Newsgroups: comp.unix.wizards
Path: utzoo!utgpu!news-server.csri.toronto.edu!rpi!zaphod.mps.ohio-state.edu!caen!hellgate.utah.edu!dog.ee.lbl.gov!elf.ee.lbl.gov!torek
From: torek@elf.ee.lbl.gov (Chris Torek)
Subject: Re: Load Avarage graph pattern
Organization: Lawrence Berkeley Laboratory, Berkeley
References: <2155@ccsg.tau.ac.il> <MYCROFT.91May31031208@goldman.gnu.ai.mit.edu> <MEISSNER.91May31111801@curley.osf.org>
Message-ID: <14081@dog.ee.lbl.gov>
X-Local-Date: Sat, 8 Jun 91 13:49:34 PDT
Reply-To: torek@elf.ee.lbl.gov (Chris Torek)
Date: Sat, 8 Jun 91 20:49:34 GMT

In article <2155@ccsg.tau.ac.il> shani@GENIUS.TAU.AC.IL (Oren Shani) asks:
>Can anyone tell me why the load avarge graph shows definite patterns
>of exponential decay?  It seems that most (by far most) of the points
>of the LA graph are on lines of the form c*exp(-a*(t-t0))+b, in which
>'a' is some cosmic constant ...

Surprisingly, I have seen no answers to this at all, when the reason is
trivial.  This exponential decay is there because it was designed to be
there.  The load average is computed by iterations of the formula:

				 -1/k		   -1/k
	average  =  average     e      +   n (1 - e    )
	       t	   t-1

where `t' is time, `n' is the instantaneous `number of runnable jobs',
and `k' is the number of discrete t's that occur per `load average time'.
Since the load average sample interval is 5 seconds, the one-minute
average has k=12 (12*5 = 60 seconds), the 5-minute average has k=60
(60*5 = 300 s = 5 min), and the 15-minute average has k=180 (180*5 =
900 s = 15 min).  When n is zero, as it typically is on workstations,
this reduces to

				-t/k
	average  =  average    e
	       t	   0

i.e., exponential decay.

The reason this is consistent across many systems is that it was done
at Berkeley for 4BSD and then copied into those systems.

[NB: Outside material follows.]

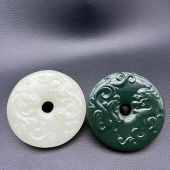 琉璃龙凤大平安扣吊坠挂件古风汉服玉佩腰佩螭龙圆环玉环国风饰品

In article <MYCROFT.91May31031208@goldman.gnu.ai.mit.edu>
mycroft@goldman.gnu.ai.mit.edu (Charles Hannum) writes:
>I noticed this a long time ago, while running xload.  For some reason,
>every 30 or 60 seconds, the load will suddenly jump and slowly decay
>on an otherwise idle machine. ... I've always attributed [these spikes]
>to 'update' ('syncer' on some systems), and ignored it.

This is almost certainly the correct explanation (/etc/update is counted
as runnable while waiting for the sync() system call, which it typically
issues once every 30 seconds).

In article <MEISSNER.91May31111801@curley.osf.org> meissner@osf.org
(Michael Meissner) writes:
>Another thing could be the activity to run the various xclock
>programs, and such.  I would imagine that on timesharing systems with
>lots of xterms, this could be significant.

xclock is particularly unlikely to add to the load average (although it
does add to the machine load!) because of a design misfeature in most
Unix systems.  The problem is that the system metering---the code that
computes the load average, cpu utilization for each process, and so
on---is run off the same clock as the scheduler.  Thus, at every clock
tick (or every n'th tick), we first see what is going on---nothing---
then we schedule the clock program, which runs for a short while and
goes back to sleep.

In particular, given the usage-sensitive CPU scheduling found in most
BSD-derived schedulers (which is to say every SunOS system through at
least SunOS 3.5, and probably 4.x as well), it is possible for a
program to use the clock to drive itself just after it is sampled as
sleeping, work until just before the next sample, and then go to sleep
waiting for the next clock tick.  By doing this it appears to use no
CPU time, hence gets fairly high priority (the kernel believes that it
has not got its fair share of CPU yet) and runs immediately on the next
clock tick, and thus is asleep again by the time the clock ticks
again.  This perpetuates the cycle.  Such a process can starve out
other processes.

The solution is simple but requires relatively precise clocks.
Fortunately such clocks exist on Sun SparcStations (unlike Sun-3s).
The 4BSD Sparc kernel will use them, once I get around to fixing that
part of the system.  (First I have to get running multi-user, now that
single user boots work, and write such minor [ahem] things as a frame
buffer driver and get enough going to make X run....  Sorry, Masataka,
but I intend to run X windows on *my* workstation, at least until
something better comes along. :-) )
-- 
In-Real-Life: Chris Torek, Lawrence Berkeley Lab CSE/EE (+1 415 486 5427)
Berkeley, CA		Domain:	torek@ee.lbl.gov